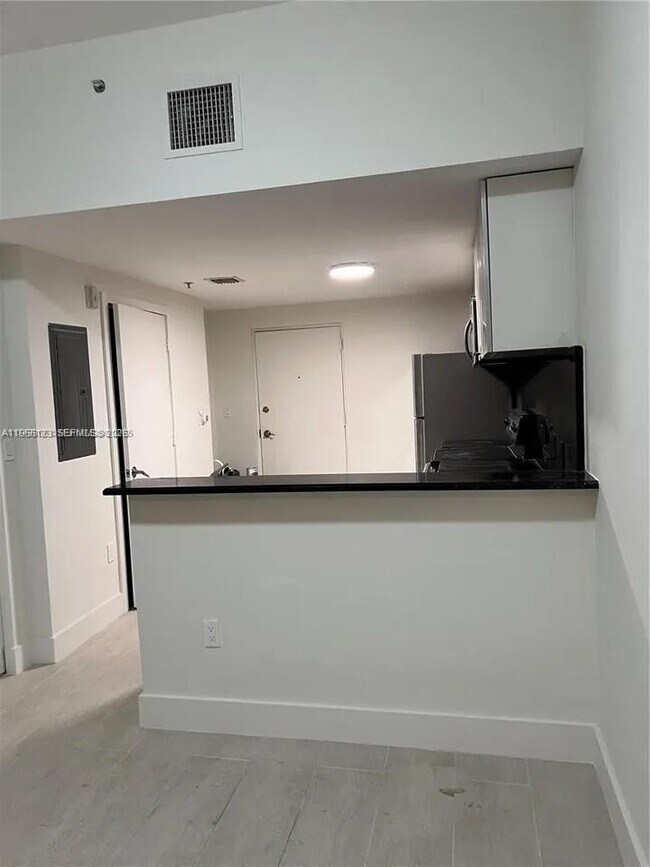 Building Photo - 3339 Virginia St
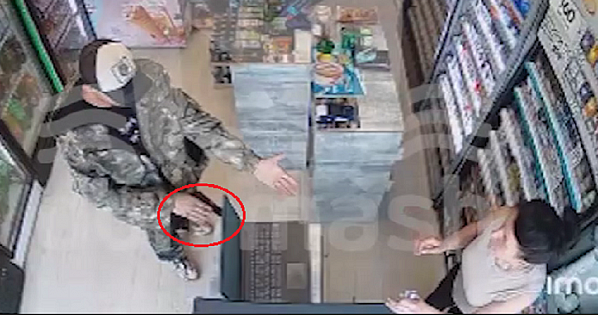 Момент ограбления зафиксирован камерами видеонаблюдения. Кадр из видеозаписи по версии телеграм-канала DonMash.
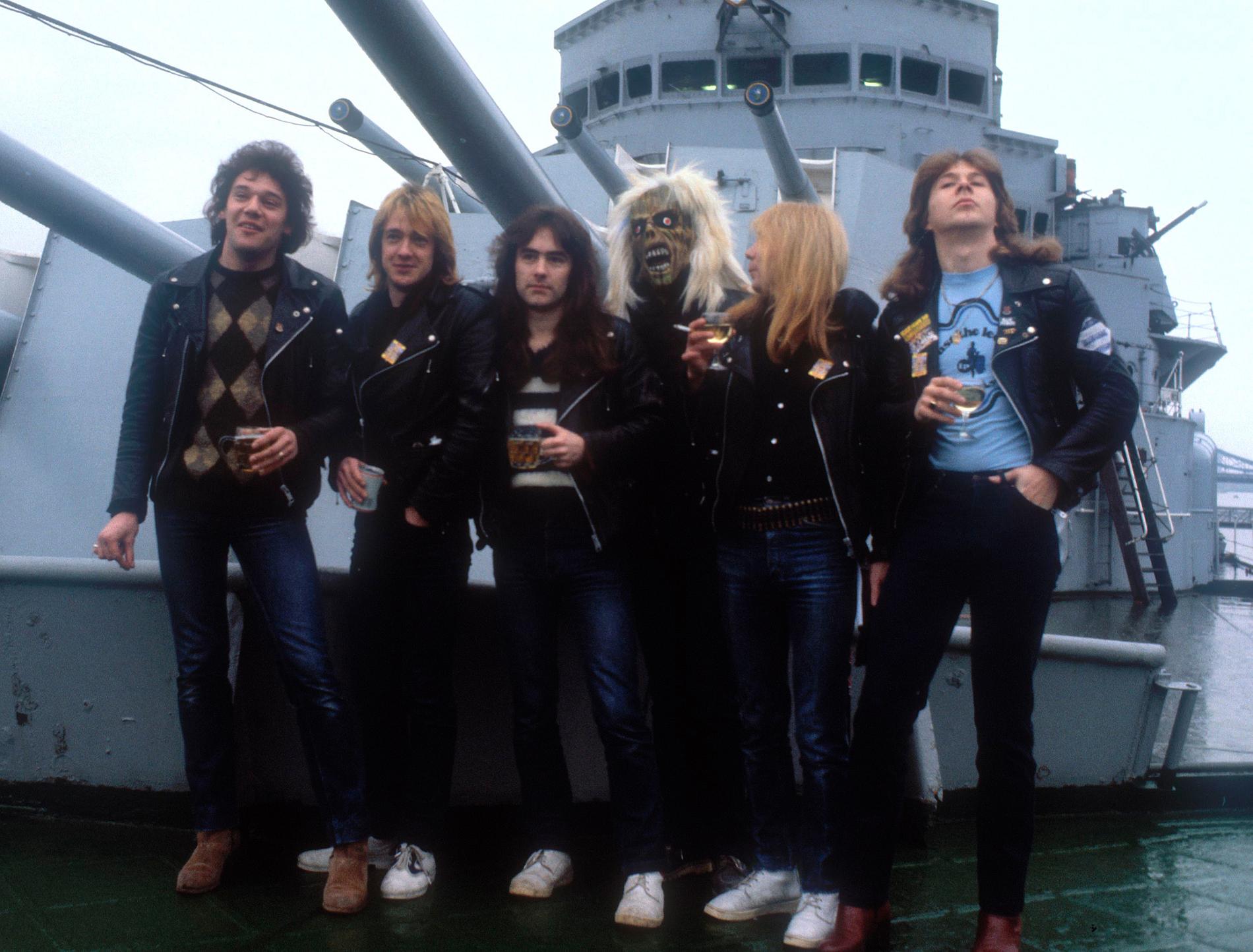 Iron Maiden med Eddie och drycker på en båt med kanoner i februari 1980. Från vänster: Paul Di’Anno, Adrian Smith, Steve Harris, Dave Murray och Clive Burr.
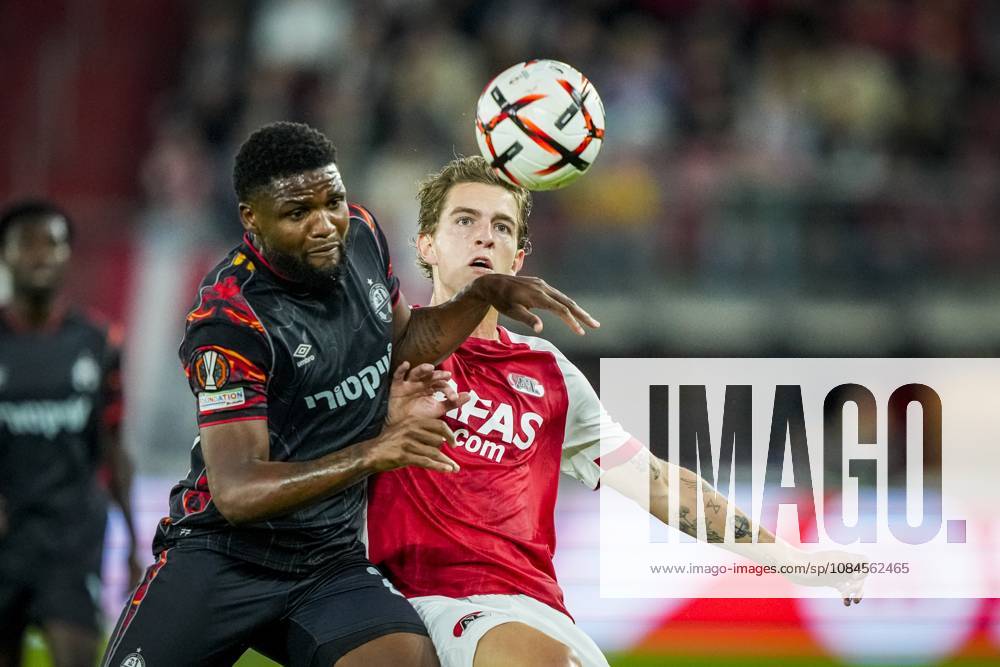 ALKMAAR , 15-10-2026, AFAS Stadion , season 2026 2027 , UEFA Europa League League phase , match between AZ and Hapoel Beer-Sheva , Picture shows Hapoel Beer-Sheva player Lucas Ventura and AZ player Valdemar Andreasen AZ - Hapoel Beer-Sheva x208448340x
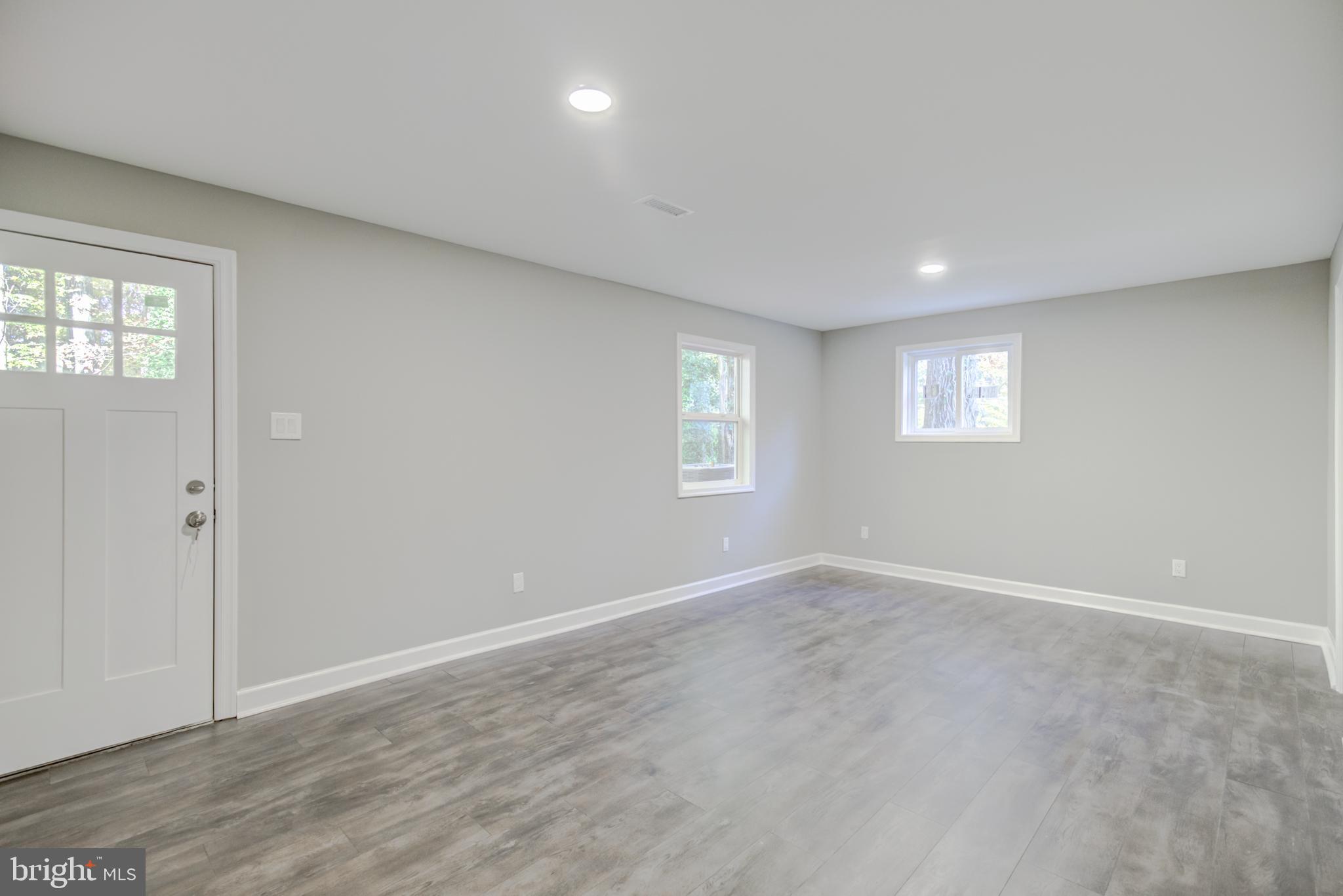 6133 Roxbury Avenue Springfield, VA 22152 - Photo 45 of 55 Gallery Image 45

EXERCISE BRIEF
Your copy of the entries above must be exact and must not include pictures.

ANSWER BOX
 Building Photo - 3339 Virginia St
 Момент ограбления зафиксирован камерами видеонаблюдения. Кадр из видеозаписи по версии телеграм-канала DonMash.
 Iron Maiden med Eddie och drycker på en båt med kanoner i februari 1980. Från vänster: Paul Di’Anno, Adrian Smith, Steve Harris, Dave Murray och Clive Burr.
 ALKMAAR , 15-10-2026, AFAS Stadion , season 2026 2027 , UEFA Europa League League phase , match between AZ and Hapoel Beer-Sheva , Picture shows Hapoel Beer-Sheva player Lucas Ventura and AZ player Valdemar Andreasen AZ - Hapoel Beer-Sheva x208448340x
 6133 Roxbury Avenue Springfield, VA 22152 - Photo 45 of 55 Gallery Image 45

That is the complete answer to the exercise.